À preuve, les nombreux contretemps survenus hier (le 25 septembre 1968) au cours de la visite rigoureusement organisée du gouvernement québécois sur les chantiers de Manic-5 à l’occasion de l’inauguration officielle du barrage.
Trois ou quatre avions devaient amener à Manic les journalistes, hommes politiques, officiers de Hydro Québec et financiers tant du Québec que des États-Unis.
Seuls les journalistes ont pu atterrir à Manic à l’heure prévue. Le reste, hommes d’affaires, officiers gouvernementaux et hommes politiques n’arrivèrent que cinq ou six heures plus tard en raison du brouillard enveloppant Baie-Comeau.
Certains durent atterrir à Forestville et d’autres retourner à Montréal pour prendre des avions plus petits et susceptibles de s’adapter aux pistes d’atterrissage de l’endroit. Si bien que tout ce monde, environ ma moitié des 450 invités, ratèrent le dîner.
Ce contretemps, toutefois, fut transformé par un premier ministre québécois arrivé à l’heure grâce à un avion gouvernemental, en une magnifique occasion de rendre visite aux ouvriers des chantiers, à ceux qui ont mis la main aux trois millions de verges cubes de béton qui ont servi à construire Manic-5.
M. Daniel Johnson est allé à l’endroit tout désigné, la taverne de Manic-5, immense entrepôt-brasserie où, à leur naturel, les ouvriers consomment leur champagne à eux.
Mais ce fut finalement une visite plus politique que gouvernementale. Le gouvernement Johnson avait en effet invité à la cérémonie d’inauguration de Manic-5 les personnalités de l’ancien gouvernement libéral, soit Mm. Lesage et René Lévesque, ainsi que le député libéral du comté M. Pierre Maltais.
Ce dernier, d’une façon ou d’une autre, eut vent de la visite du chef du gouvernement à la taverne de Manic-5 et s’y rendit lui-même afin, peut-être que la seule main que les ouvriers pussent serrer ne soit pas uniquement celle d’un unioniste.
Le tout finit toutefois dans la plus parfaite cordialité, MM Johnson et Maltais s’asseyant à la même table en compagnie d’ouvriers de Manic-5 et disparaissant avec eux sous un amas de bouteilles de bière.
M. Paul Allard, ministre des Richesses naturelles et responsable de Hydro-Québec, s’est aussi attablé avec les ouvriers.
Le premier ministre a longuement plaisanté pour sa part avec ses compagnons de table.
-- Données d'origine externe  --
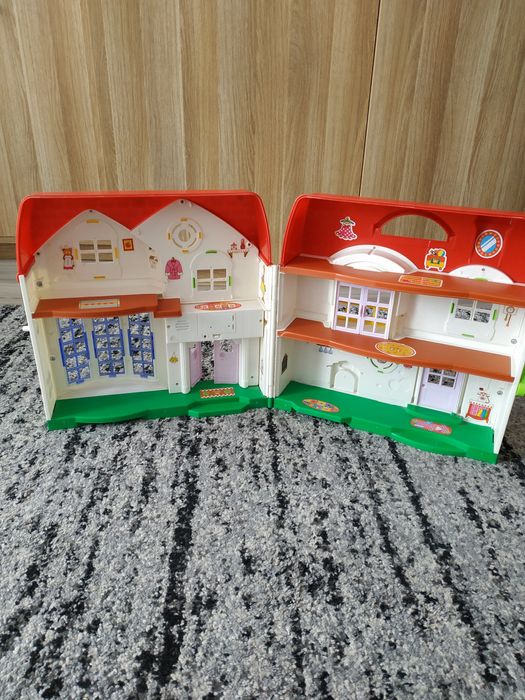 Domek rozkładany dla lalek z mebelkami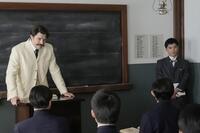 ヘブンは松江中学の英語教師に。左から、ヘブン（トミー・バストウ）、錦織（吉沢亮）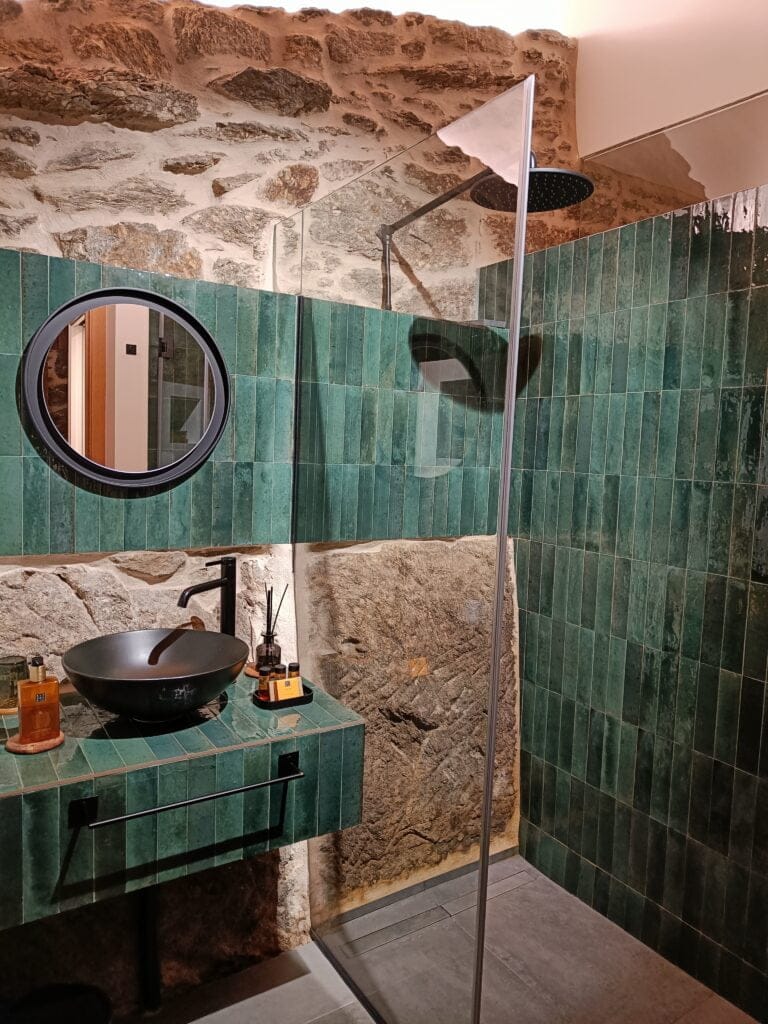 Baño alojamiento Casiñas do Sil Ribeira Sacra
Il a été entouré évidemment des micros des journalistes radiophoniques. Ils lui ont laissé très peu de temps pour ingurgiter la bière qu’il avait lui-même commandé.
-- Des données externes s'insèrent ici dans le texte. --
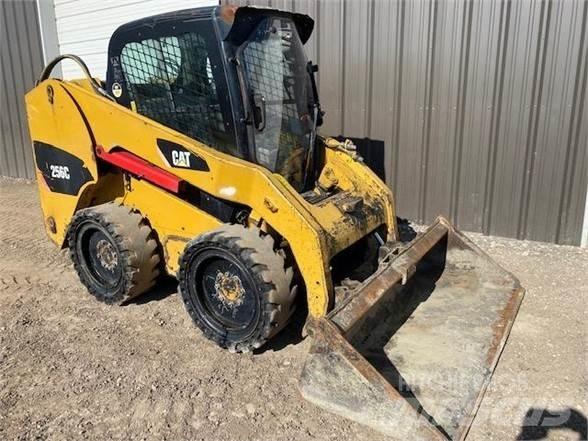 CAT 256C Minicarregadeiras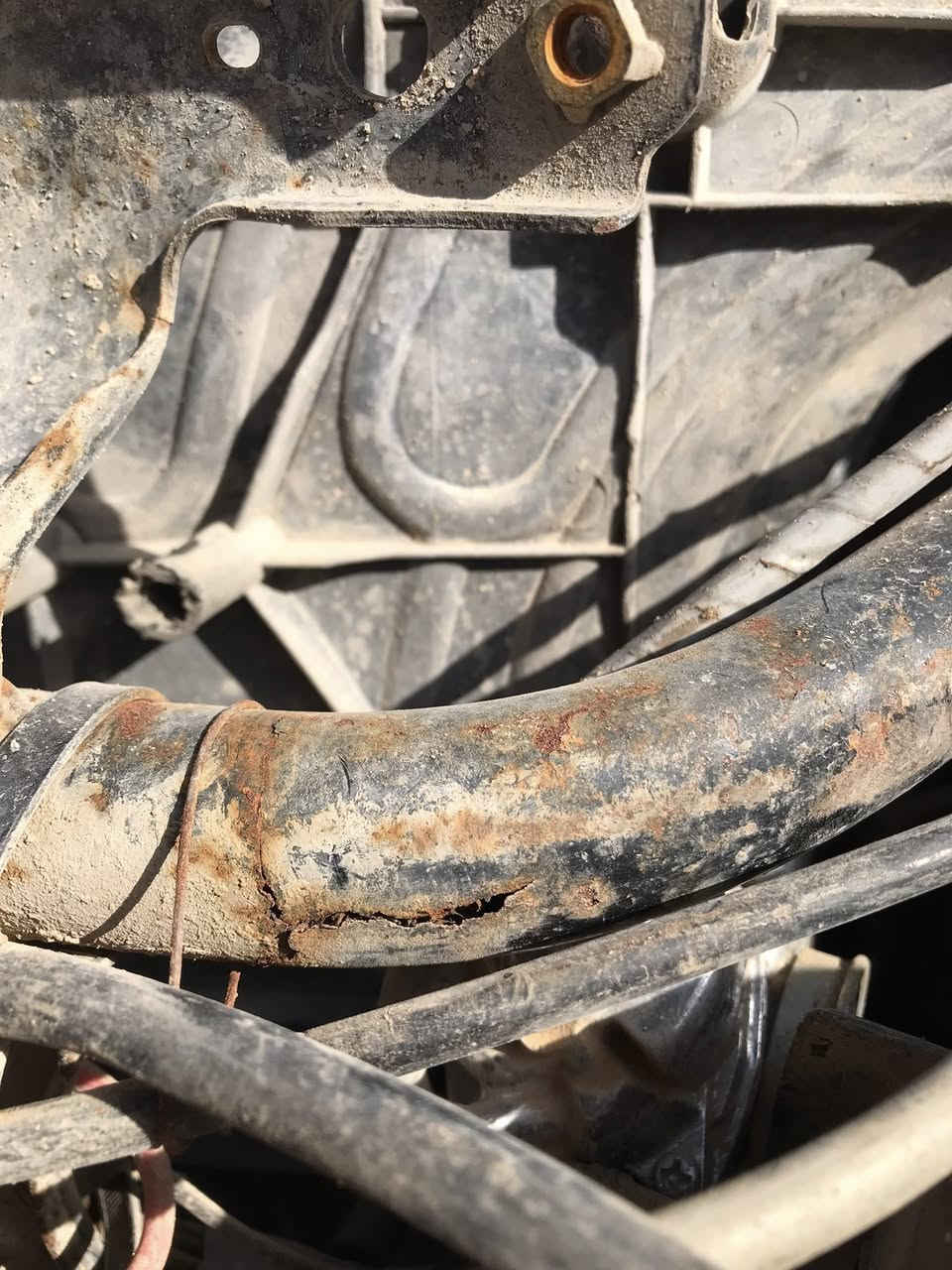 دراجه كوم حديد للبيع ، كدام عينك الصور ما تشتغل كوم حديد السعر تاخذها تستفاد بغراضها٦٠ وبيها مجال للتواصل ***********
M. Johnson n’en a pas moins plaisanté à table avec les ouvriers, surtout au sujet de M. Trudeau. Quelqu’un lui demanda en effet, si, en venant ici se promener au milieu des «gens du peuple». Il ne tentait pas de lancer la «Johnsonmania».
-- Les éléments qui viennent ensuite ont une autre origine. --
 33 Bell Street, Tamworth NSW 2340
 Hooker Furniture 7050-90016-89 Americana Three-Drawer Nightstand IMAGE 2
M. Daniel Johnson répondit : C’est plutôt M. Trudeau qui m’imite. Mais vous voyez, je fais ça en homme, ensuite, je fais ça en homme marié, et, troisièmement, je n’ai encore embrasse personne. Non! Je fais ça depuis que je suis jeune avocat. J’allais alors prendre une verre de bière avec les gars. J’ai pas changé depuis, ce sont les autres qui ont changé.